**YOUR ASSIGNMENT:**
The answer must be the lines from the one that holds "70% of survey" through the final line of the data, copied exactly, with no pictures.

**DATA SECTION:**
┄┄┄┄┄┄
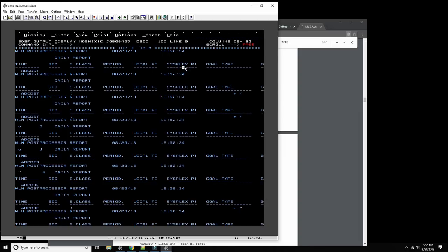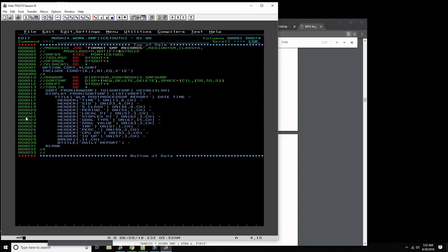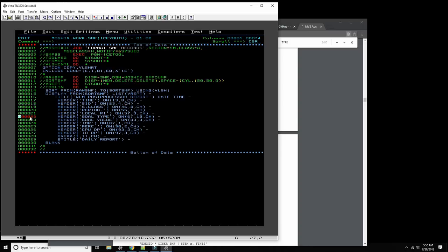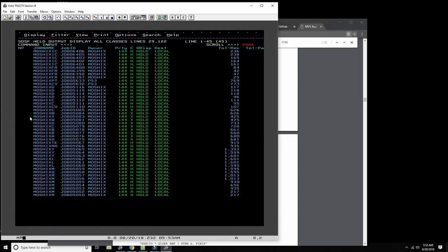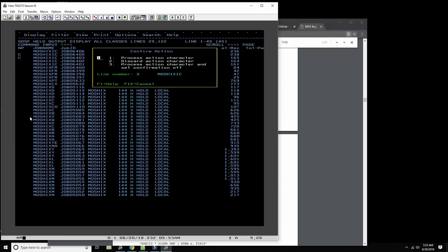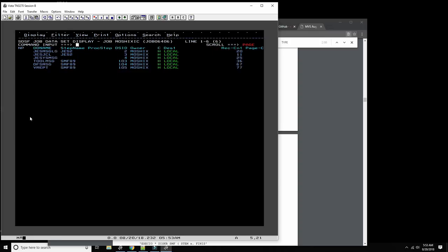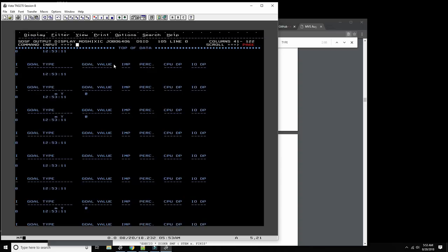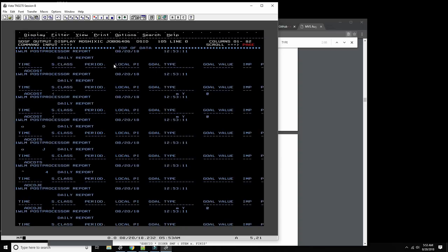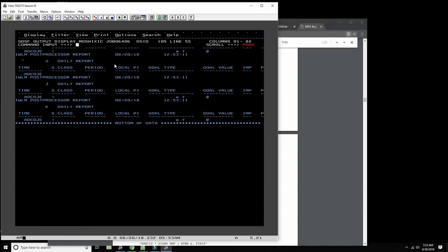Looking at the report — there's a lot of information, so let's make it easier to read by removing the sysplex name and the SID. Running it again gives a cleaner result. It tells us dispatch priorities, and this is what we extracted from type 99 — workload management data. You can extract all kinds of information like that.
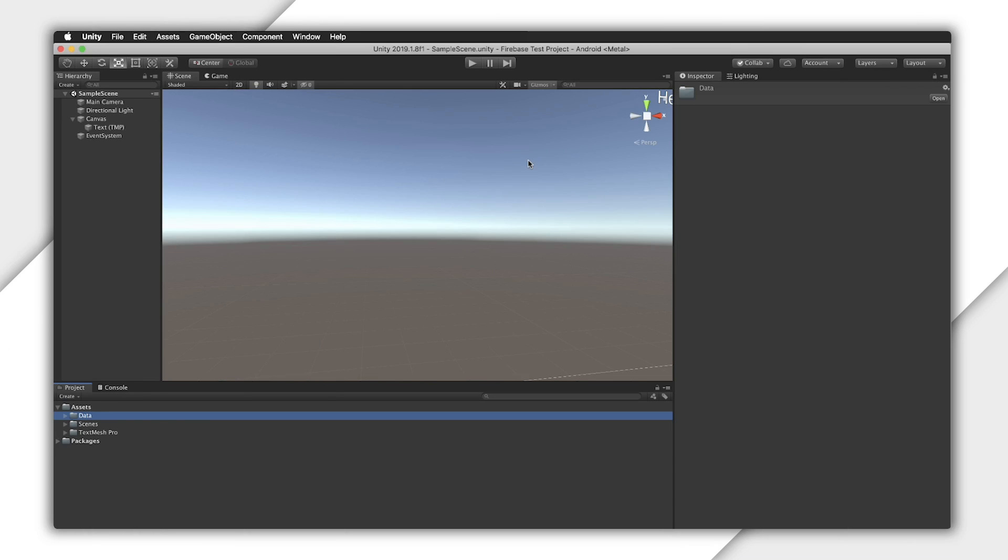First, we need to figure out which version of .NET we're using. I highly recommend using .NET 4, but if you're stuck in an older version of Unity, you might not have a choice. To see what your project is using, go over to Unity, bring up your build settings, go to Player Settings.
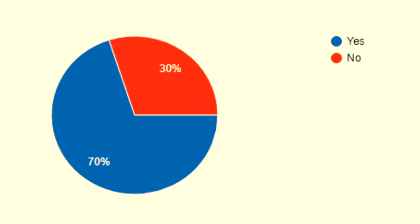70% of survey takers found scholarships that they either qualified for or were interested in. Therefore, we need to do more research and add scholarships that would benefit more people.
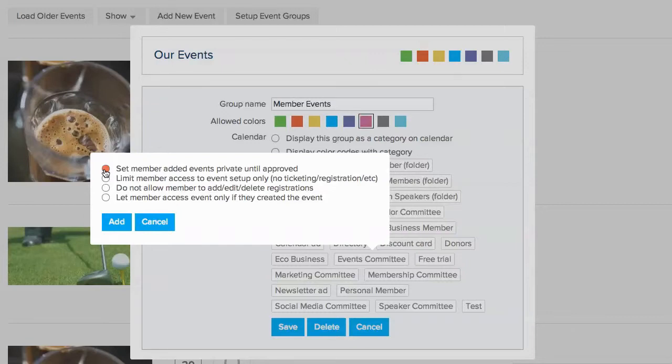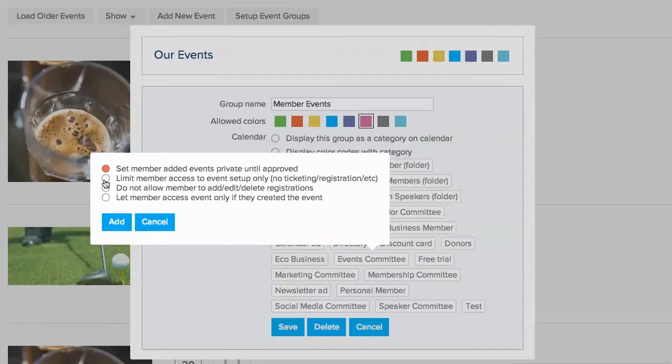If you enable this setting, members will only be able to access the event setup but not be able to create tickets, registration questions, or access the event dashboard. This option is great for letting members add events to your calendar, but not allowing them to create tickets or registrations.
┄┄┄┄┄┄
**SOLUTION TO THE EXERCISE:**
70% of survey takers found scholarships that they either qualified for or were interested in. Therefore, we need to do more research and add scholarships that would benefit more people.
If you enable this setting, members will only be able to access the event setup but not be able to create tickets, registration questions, or access the event dashboard. This option is great for letting members add events to your calendar, but not allowing them to create tickets or registrations.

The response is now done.